At 2/12/2007 5:30 am , Anonymous Anonymous said...

I have been a faithful follower of your blog. Am really sorry to hear that you're going through such a rough patch.

You're very brave to share this with the anonymous public that reads your blog. My thoughts are with you in this difficult period. Good luck and take care.

 
At 2/12/2007 6:28 am , Blogger limegreenspyda said...

had a dream about you some nights ago. odd, seeing as we've never met, nor do i know how you look. but i knew it was you in that dream, and that i was rather concerned in some fashion.

and then, i stumble on this entry, just some hours after you post it.

am truly sorry. (other) words escape me. but i hope you will keep yourself well. take care.

 
At 2/12/2007 2:01 pm , Anonymous Anonymous said...

hi, i've been reading your blog for many months now. And I must admit that I imagined your persona based on your entries - your thoughts on teaching, working fm home, food, books. As you must already know by now, that this entry comes as a shock for someone in my position. I guess I realize now that your online identity is but one of your many facets.

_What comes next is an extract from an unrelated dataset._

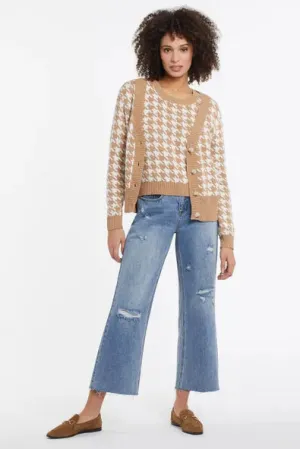 TR7517o Crop Button Front Sweater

But if your online identity is anything to go by, I am fairly confident that you will pull through this difficult period. Wish you the very best in all the things you do...

 
At 2/12/2007 10:52 pm , Anonymous Anonymous said...

Your strength and courage truly amaze me.

Take care girl,
Andrea

 
At 2/13/2007 12:32 am , Anonymous Anonymous said...

What about the cat???

 
At 2/13/2007 8:08 am , Anonymous Anonymous said...

Even if we have met in passing a couple of times, I know neither you nor him well. While there is sadness in hearing about two persons on the cusp of living separate lives, I trust that, with time, the clarity you have found will allow you to prove yourself right, that you have made the right decision.

I wish you the best.

 
At 2/16/2007 5:34 am , Anonymous Anonymous said...

i love your blog and i've missed you during the time you were away. it was a brave thing to do to end a long-lasting relationship & to acknowledge that you've drifted apart rather than stay together just for the sake of doing so. i wish you well and look forward to more great writing from you.